Thursday, 23 July 2015

WOMAD and bucket lists

There are bucket lists and then there are reverse bucket lists.

Bucket lists contain the things one feels one really ought to do at least once before kicking the bucket. I’ve never been on a helicopter ride, or visited the Taj Mahal, or seen the Northern Lights. They’re all things I’d like to do before I get my visit from the grim reaper (even if he turns out to be rather a sympathetic character, as in the Terry Pratchett view).

On the other hand, I’ve also never visited a firing range or the state of Israel. The first of these I feel no desire whatever to do, the second is one of those things I don’t contemplate with any enthusiasm for the present or the future, but would quite like to have done in the past: I’d like to have already been to Israel, to know a little more about what it’s really like, but as far as any future plans are concerned, it’s probably pretty much at the bottom of my list of places to visit, outside war zones.

Really. Below Minsk, say, or even Pittsburgh. 

I’d actually quite like to go to those places, if only because my grandfather’s family came from Minsk, and Pittsburgh includes the place that was once known as the ‘Forks of the Ohio’ – George Washington was there, as a Militia officer supporting British military operations, and it still feels ironic to me that Washington once served under, rather than against, British colours.

The Forks of the Ohio.
Less built up in the time of loyal British subject, George Washington
Another thing I’ve never done is ever visit a theme park. I say that without pride, though with relief. I gave up going to amusement parks when I realised, aged 22, that rides I’d loved as a child simply made me sick as an adult – anything, in particular, that spun round and round. As for a ride that takes you to the edge of a death-defying fall and then plunges down, my vertigo leaves me regarding the experience as to be avoided at any cost. A source of pleasure? I’m not that masochistic.

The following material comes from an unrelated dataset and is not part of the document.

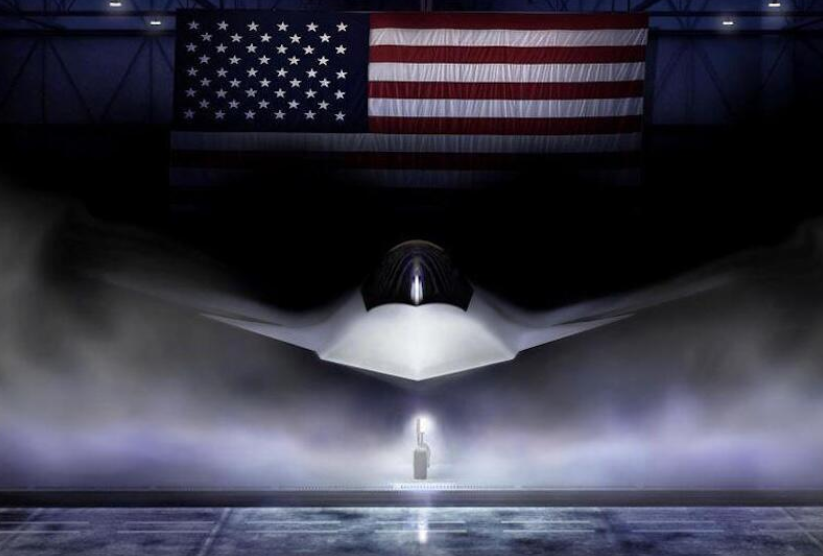 미 공군: Boeing F-47 설계 진전…초도 비행 일정 순조롭게 진행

That does leave me feeling guilty towards my poor, long-suffering wife. She was once deeply familiar with more or less every theme park from South West Germany (Europa Park) and North West England (Alton Towers), enduring in particular several visits to Disneyland Paris and the nearby Parc Asterix. Somehow I was always unavoidably elsewhere when any of these trips occurred.

My only grandchild to date has now reached an age where she doesn’t need her grandfather to accompany her to one of those ghastly places. Since my other two sons are proving slow at producing any further grandchildren for us, I expect to be able to plead age and infirmity by the time it comes to taking any of them if, indeed, any of them ever show up.

So visiting theme parks remains firmly on my reverse bucket list: things not to do this side of the grave. I’m making no dispositions for what may happen on the other side. I suspect, given the life I’ve led, that I might find myself condemned to an eternal theme park anyway.

But tomorrow an important box gets ticked off one or other of the lists. I’m still not sure which. Certainly, it wasn’t something I felt inclined to do – otherwise I might already have done it – but nor am I averse to doing it. Either way, it happens tomorrow.

I shall be off to my first ever music festival.

Gets ticked off a list tomorrow
WOMAD (World of Music, Arts and Dance, I’m told), near Malmesbury in Wiltshire. Danielle and I are going and meeting a bunch of friends there. I expect it’ll be fine, though probably not in the meteorological sense of fine: heavy rain’s forecast. But I understand that mud is part of the experience, so thats probably appropriate.

Anyway, at least I’ll be able to tick it off the list. And by the time I get home, I’ll no doubt have decided which list it belonged to.